- [WHAT YOU HAVE TO DO]:
Here the job is to transcribe the data exactly while omitting the images.

- [PROVIDED ENTRIES]:
------------
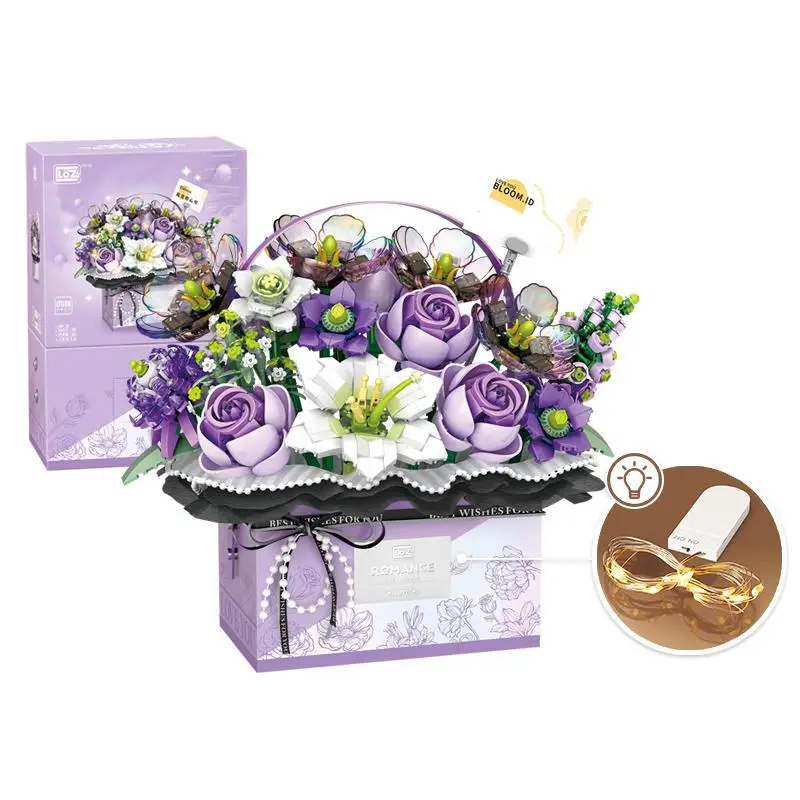 Diy Rose Bouquet Building Block Toys with Led Lights, Flower Design Building Blocks Model Set, Simulation Artificial Rose Handheld Gift Box, Home Deco
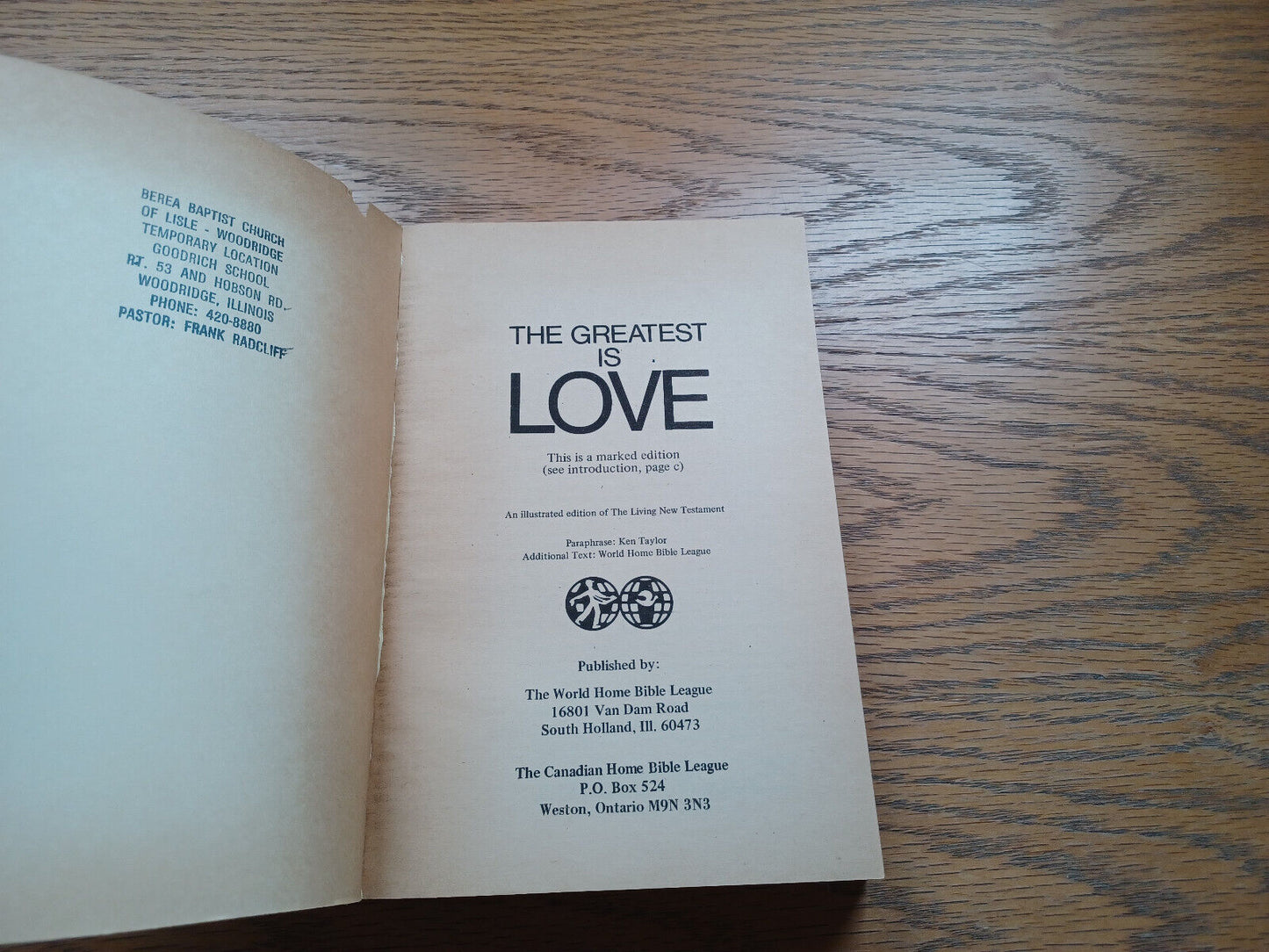 The Greatest Is Love Living New Testament Paraphrased 1971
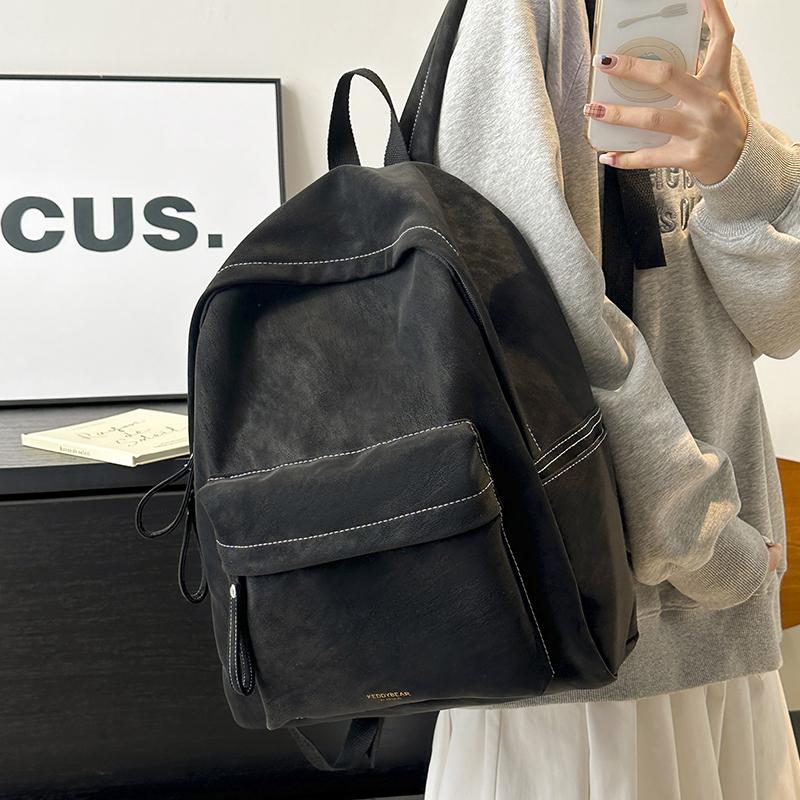 Minimalist Faux Leather Backpack Casual Daily Use Backpack for Women Simple Design Ideal for School Commute Travel and Everyday Outings No Pendant
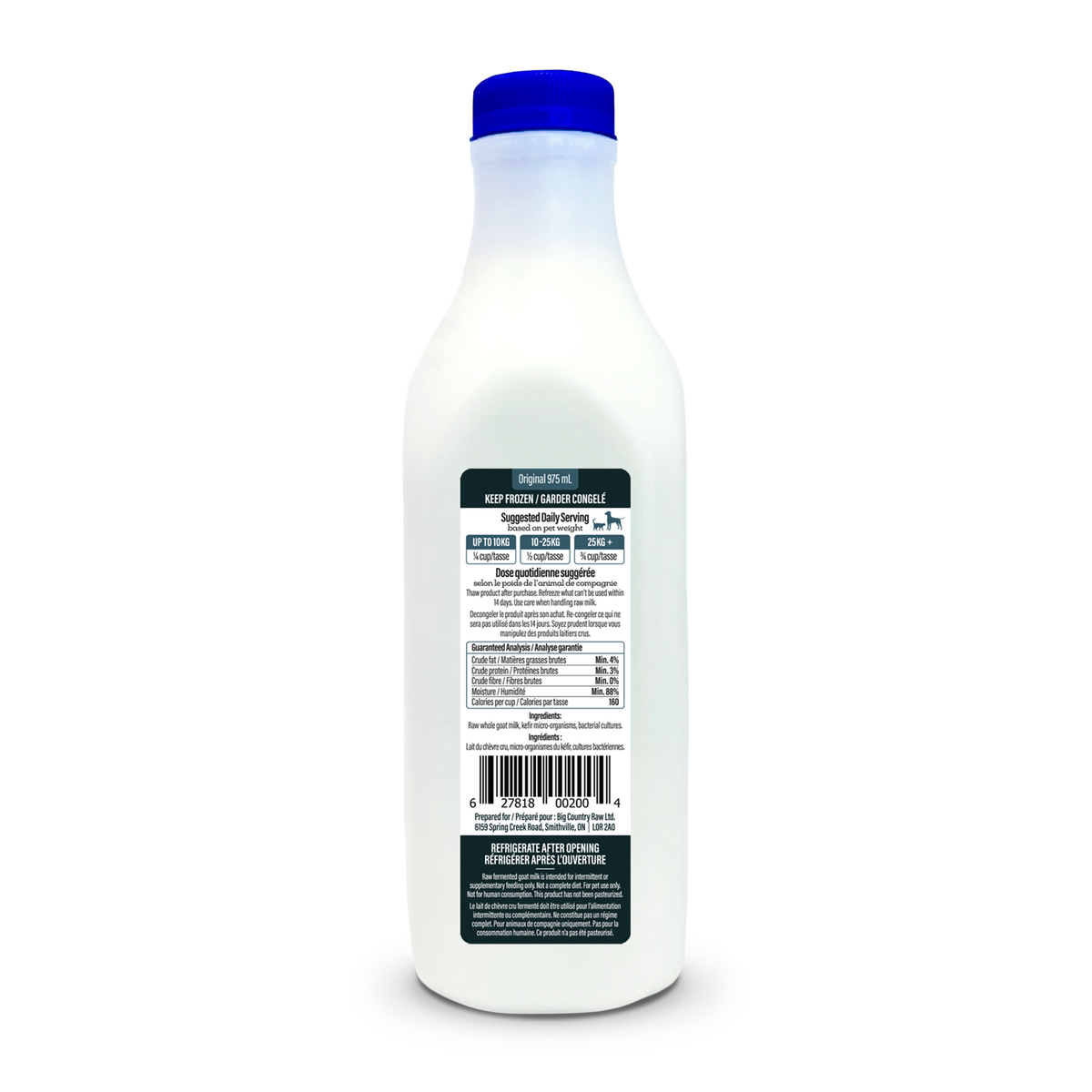 Lait de chèvre cru fermenté - supplément pour chien et chat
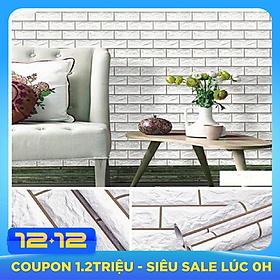 CUỘN 10M GIẤY DÁN TƯỜNG GIẢ GẠCH TRẮNG KEO SẴN KHỔ 45CM GDT_5272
------------
- [TASK RESULT]:
 Diy Rose Bouquet Building Block Toys with Led Lights, Flower Design Building Blocks Model Set, Simulation Artificial Rose Handheld Gift Box, Home Deco
 The Greatest Is Love Living New Testament Paraphrased 1971
 Minimalist Faux Leather Backpack Casual Daily Use Backpack for Women Simple Design Ideal for School Commute Travel and Everyday Outings No Pendant
 Lait de chèvre cru fermenté - supplément pour chien et chat
 CUỘN 10M GIẤY DÁN TƯỜNG GIẢ GẠCH TRẮNG KEO SẴN KHỔ 45CM GDT_5272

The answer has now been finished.